Unsigned types are currently encoded as signed types. The case that could cause issues is LDMS_V_U64 which when encoded as AVRO_LONG will result in a negative number. One way to deal with this is to encode these as AVRO_BYTES[8] and let the consumer perform the appropriate cast. This, however, seems identical to simply encoding it as a signed long and allow the consumer to cast the signed long to an unsigned long.

Schema Registration

The Avro schema are generated from the row instances presented to the commit() storage strategy routine. The schema_name that is contained in the row instance is used to search for a serdes schema. This name is first searched for in a local RBT and if not found, the Avro Schema Registry is consulted. If the schema is not present in the registry, a new Avro schema is constructed per the table above, registered with the schema registry and stored in the local cache.

Encoding

After the schema is located, constructed, and or registered for the row, the schema in conjunction with libserdes is used to binary encode the Avro values for each column in the row. Once encoded, the message is submitted to Kafka.

Client Side Decoding

Consumers of topics encoded with libserdes will need to perform the above procedure in reverse. The message received via Kafka will have the schema-id present in the message header. The client will use this schema-id to query the Schema registry for a schema. Once found, the client will construct a serdes from the schema definition and use this serdes to decode the message into Avro values.

EXAMPLES

kafka_conf Example File

# Lines beginning with '#' are considered comments.
# Comments and blank lines are ignored.

# Specify the location of the Kafka broker
bootstrap.server=localhost:9092

serdes_conf Example File

# Specify the location of the Avro Schema registry.
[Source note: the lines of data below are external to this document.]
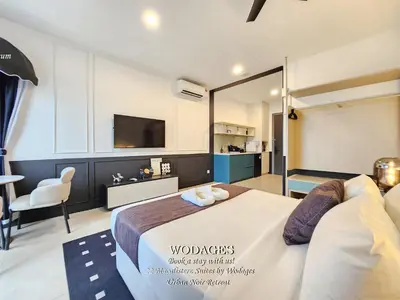 a bedroom with a large bed and a tv at 22 Macalisterz George Town by Wodages in George Town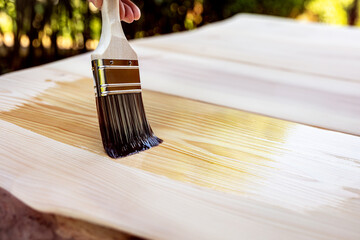 glazing of a wooden table with a hair brush and oil - obrazy, fototapety, plakaty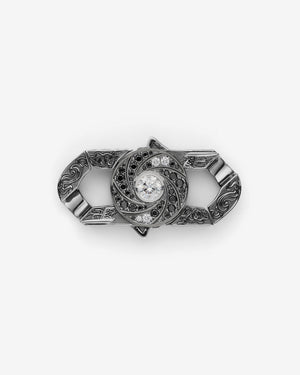 Stephen Webster Shaken and Stirred clasp in 18k white gold with white & black diamonds and mother of pearl back plate — front view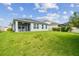 Wide view of the backyard showcasing a well-maintained lawn, covered patio, and neighboring houses beyond the fencing at 751 Cajeput Loop, Tarpon Springs, FL 34689
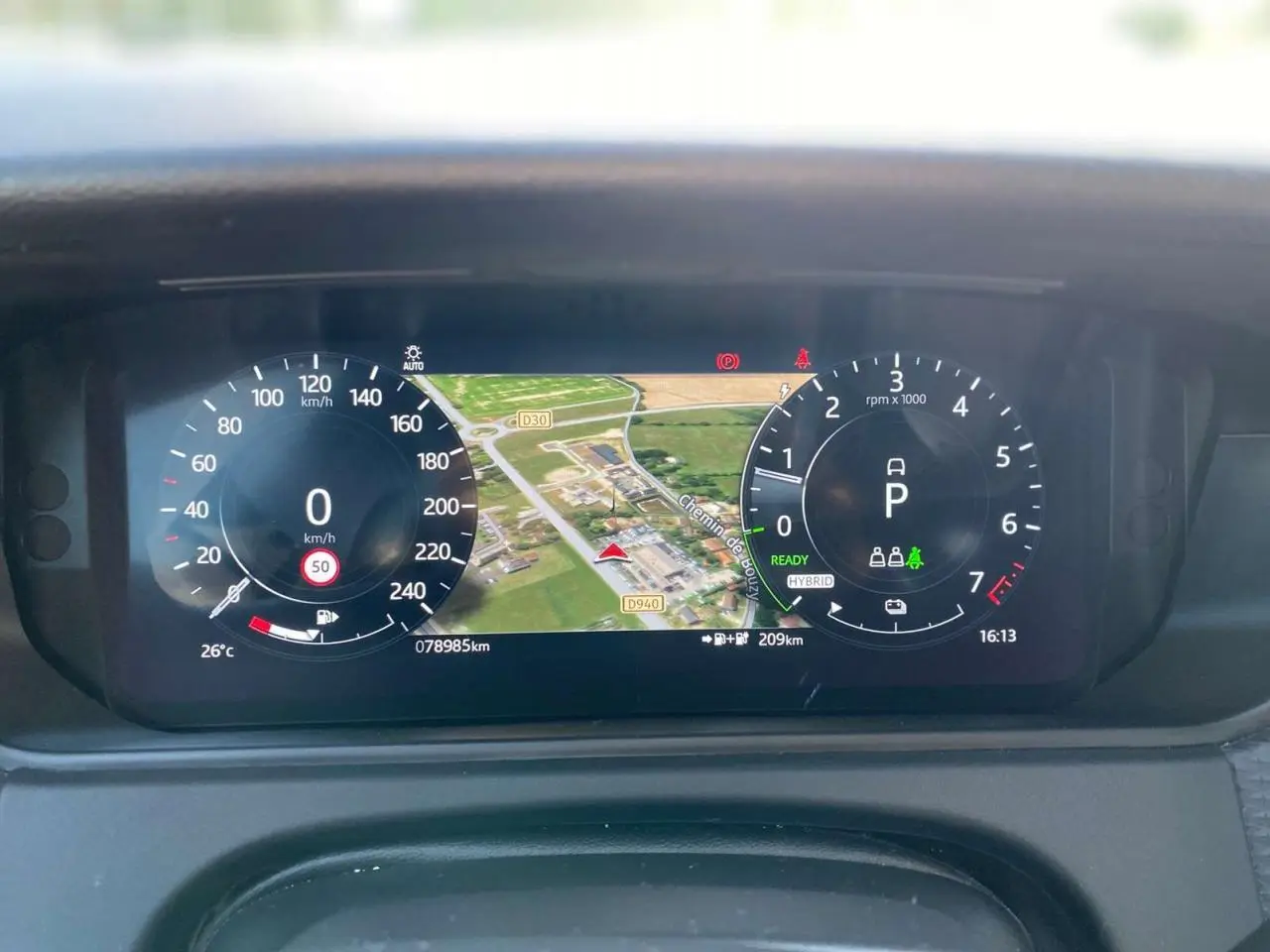 Tableau de bord numérique du Range Rover Velar gris, affichant vitesse, navigation et indicateurs hybrides.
This can be overridden
# on the strgp_add line with the "container" strgp_add option if it is
# set to anything other than an empty string
serdes.schema.url=https://localhost:9092

Example strg_add command

strgp_add name=aks plugin=avro_kafka_store container=kafka-broker.int:9092 decomposition=aks-decomp.conf
strgp_start name=aks

Example plugin configuration

config name=avro_kafka_store encoding=avro kafka_conf=/etc/kakfa.conf serdes_conf=/etc/serdes.conf topic=ldms.%S
strgp_start name=aks

NOTES

This man page is a work in progress.

SEE ALSO

ldmsd(8), ldmsd_controller(8), ldmsd_decomposition(7), ldms_quickstart(7)